Smart Geometry 2012
Cluster Champions: Mariana Ibanez / Simon Kim / Nick Puckett
The Beyond Mechanics Cluster at Smart Geometry 2012 developed wearable, responsive prototypes using shape-memory polymer. The workshop used Project Blackbox to design and create custom polymers on site that allowing the response temperature to be determined as part of the overall design process. The prototypes focused on issues of Clothing/Cladding: a wearable computing and a building envelope system developed by IKstudio. This system gives the opportunity to develop prototypes that address issues of interface and kinetics at a range of scales.
Shape-setting materials provide a new set of potentials for designing dynamics in objects and systems. This type of kinetics goes beyond the traditional scope of actuation by mechanical movements. Unlike traditional kinetic systems that rely on separate and discrete parts working together, we are developing a design discipline of smart material that can create movement through its singular chemistry and geometry.

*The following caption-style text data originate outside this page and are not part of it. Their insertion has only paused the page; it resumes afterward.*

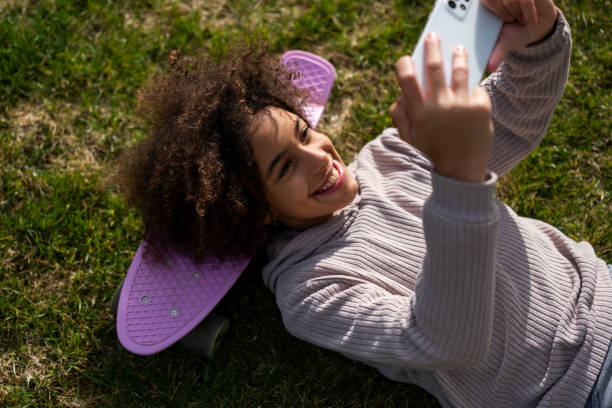 istock Girl with smart phone 1474782807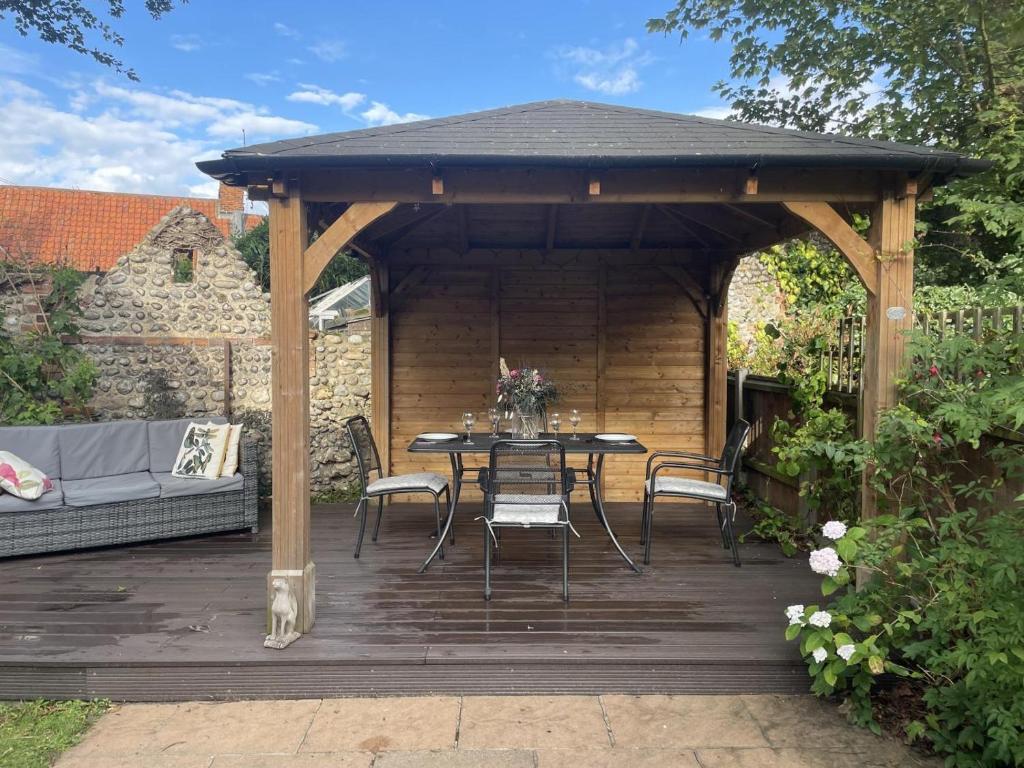 a wooden pavilion with a table and chairs on a deck at 2 Bed in Blakeney oc-1558 in Blakeney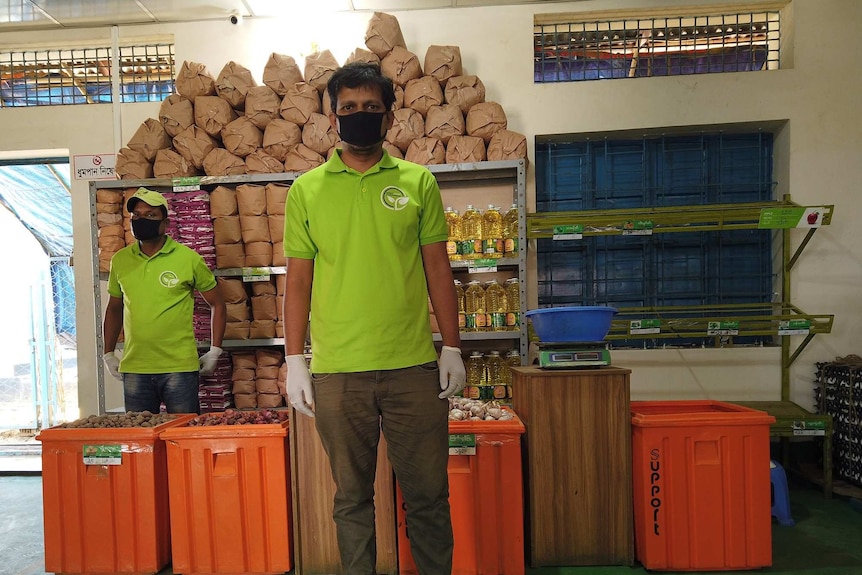 Two men in facemasks stand in front of food supplies packed in orange boxes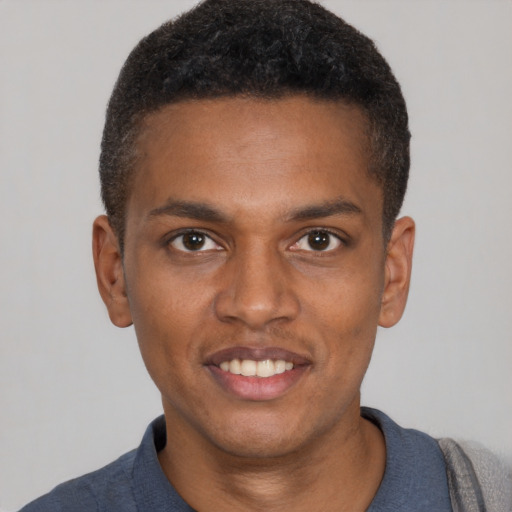 Joyful black young-adult male with short  brown hair and brown eyes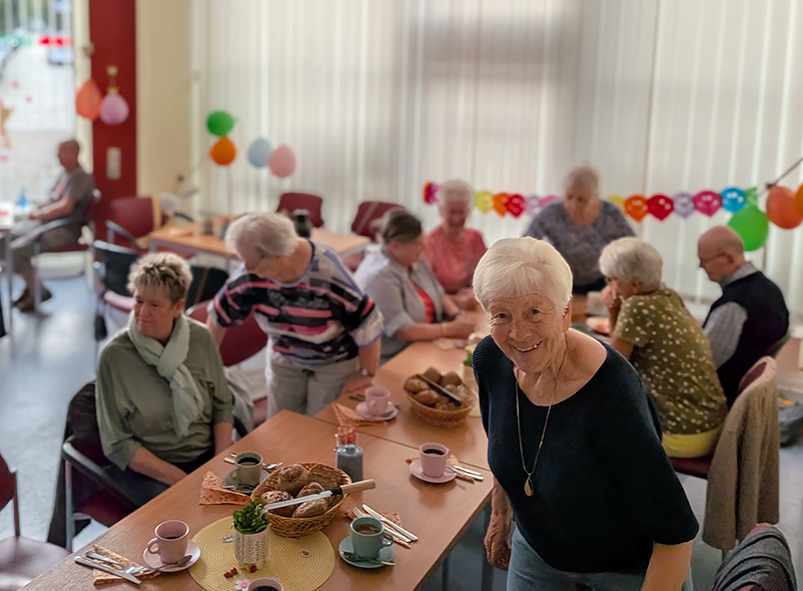 Mehrere Personen treffen sich in einem geschmückten Gemeinschaftsraum zu einem gemeinsamen Frühstück an gedeckten Tischen.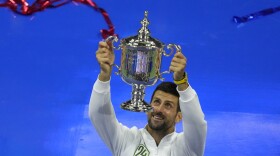 Novak Djokovic, of Serbia, holds up the championship trophy after defeating Daniil Medvedev, of Russia, in the men's singles final of the U.S. Open tennis championships, Sunday, Sept. 10, 2023, in New York. (AP Photo/Mary Altaffer)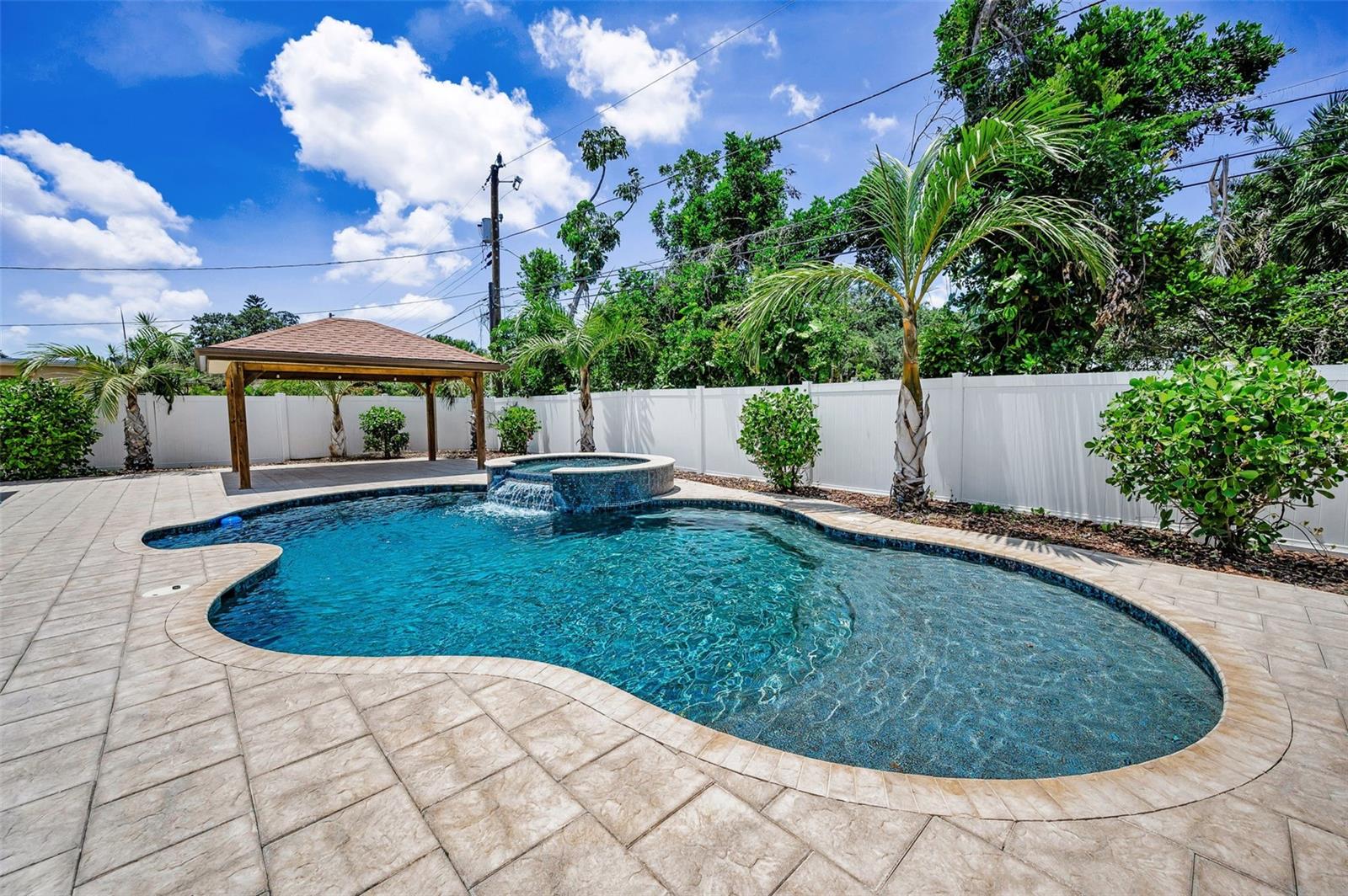 The perfect outdoor oasis for relaxing poolside or entertaining guests.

Dynamic materials also promise a break in conceptualizing movement through a model of engineering. With smart materials, the reliance on a mechanical frame and surface is dispensed so that a more direct line is established between production and application. For this workshop will be focusing on Shape-Memory Polymer and Hydrogel. Shape-Memory Polymer can be trained into a position, baked to that form, and then manipulated into another shape. A stimulus such as heat moves the material back to the original shape within its atomic structure – without any external hinge or gear. Hydrogel is a super-absorbant polymer that responds to a specific temperature range by expanding/contracting in volume up to 300%.
The two polymers, Shape-Memory Polymer and Hydrogel, will be produced and manufactured on site using Project BlackBox, a device developed by Alt N research in collaboration with the Bioactive Interfaces Lab at the University of Kentucky. Blackbox is a UV curing system that was built to scale up small material samples to usable 1:1 building materials. In both cases the polymers are mixed using varying amounts of a Monomer, Crosslinker, and a Photo Initiator. Both Hydrogel and SMP respond to heat and by varying the ratio of the chemicals, and we will design the specific response temperature of the material by adjusting these ratios in the lab.
In parallel to the production of the Responsive Polymers, we will examine the scale of production and effects that this material promotes. Once it is cured, the polymers can be laser cut and worked into different configurations. This will allow participants to develop the specific potentials of each system through a series of prototypes. These prototypes will focus on issues of Clothing/Cladding: a wearable computing and a building envelope system developed by IKstudio. This system gives the opportunity for participants to develop prototypes that address issues of interface and kinetics at a range of scales. The small-scale and intimacy of the body can be tested against the large and urban scale of the building and the city. These tests are not models or proxies, but are seen as full-scale working prototypes. The results of these tests will then be fed back into the overall manufacturing and design system to allow iterative adjustments at the chemical and assembly level.